Fact is, while all Barrington's saying at this point is that it doubts the stock can beat the market, there's a very real possibility that with quality of earnings this low, Pier 1 may actually underperform its "peers."
Ethan Allen Interiors (NYSE:ETH)
Speaking of Pier 1's peers, we turn next to Ethan Allen. Here again, Barrington issues a downbeat prediction of no better than "market perform"-ance, and here again, I find myself in agreement. The situation at Ethan Allen, however, is almost the mirror image of what we see at Pier 1.
Viewed from a price-to-earnings perspective, Ethan Allen looks unattractive in the extreme. At a P/E ratio of 20, the stock looks more expensive than Pier 1. And with analysts projecting only a 3% long-term earnings growth rate, it's clearly the slower grower.
On the plus side, Ethan Allen does a better job than its rival at generating cash from its business.
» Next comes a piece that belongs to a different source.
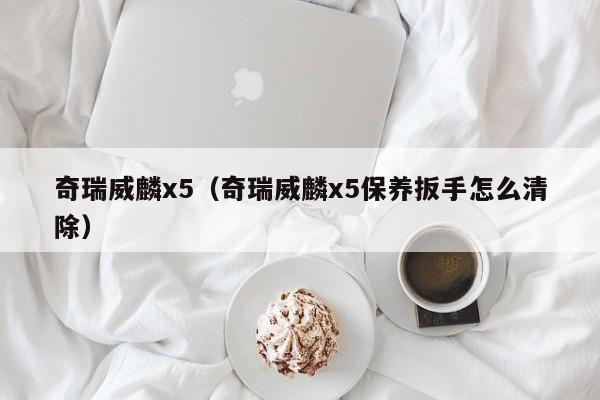 奇瑞威麟x5（奇瑞威麟x5保养扳手怎么清除）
Free cash flow for the past 12 months comes in at $41.9 million, or about 23% better than reported income under GAAP. Problem is, this is still only enough cash profit to get Ethan Allen's price-to-free cash flow ratio down to about 16 -- which while objectively is not a horrendous valuation, still looks unattractive in light of the minuscule projected growth rate.
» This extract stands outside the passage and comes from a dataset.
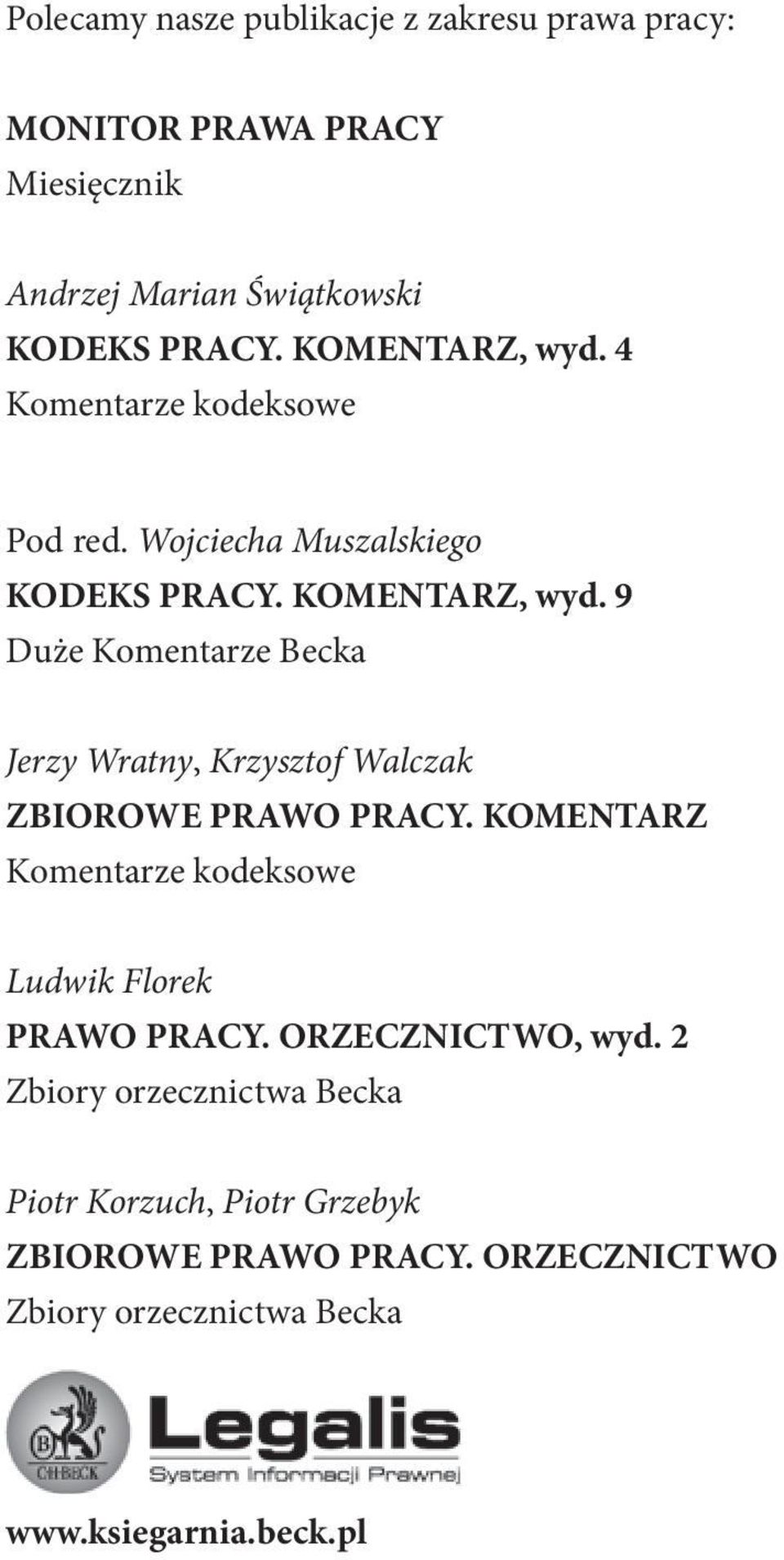 9 Duże Komentarze Becka Jerzy Wratny, Krzysztof Walczak ZBIOROWE PRAWO PRACY.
Long story short, even a modest valuation doesn't make up for the lack of growth prospects that analysts see at Ethan Allen -- and Barrington is right to suggest you avoid the stock.
Haverty Furniture (NYSE:HVT)
But if Barrington's observations so far have you depressed, and thinking there are no bargains to be found in furniture retail -- think again. After rooting through the "seconds" room for a while, Barrington ultimately did find one furniture stock worth buying, and it's called Haverty Furniture.
Priced at 19 times earnings, and projected to grow at 18% annually over the next five years, Haverty looks even more attractive than Pier 1 on the surface. What's more, much like Ethan Allen, Haverty boasts superb free cash flow, and so is free of Pier 1's major blemish.
Valuing the stock on its $38.2 million in trailing free cash flow, rather than the $30.1 million it's permitted to report as "net earnings" under GAAP, I come up with an attractive valuation of less than 15 times free cash flow on the stock -- which is cheaper than either Pier 1 or Ethan Allen scores -- and again, this is for a stock with the best projected growth rate of any furniture stock we've looked at so far.
Topping it all off, Haverty boasts the advantages of a clean balance sheet, brimming with $67 million more cash than debt, and a penchant for sharing that cash with investors -- demonstrated by a modest 1.3% dividend yield. All in all, it looks like a fine prospect -- and Barrington is right to rate it an "outperform."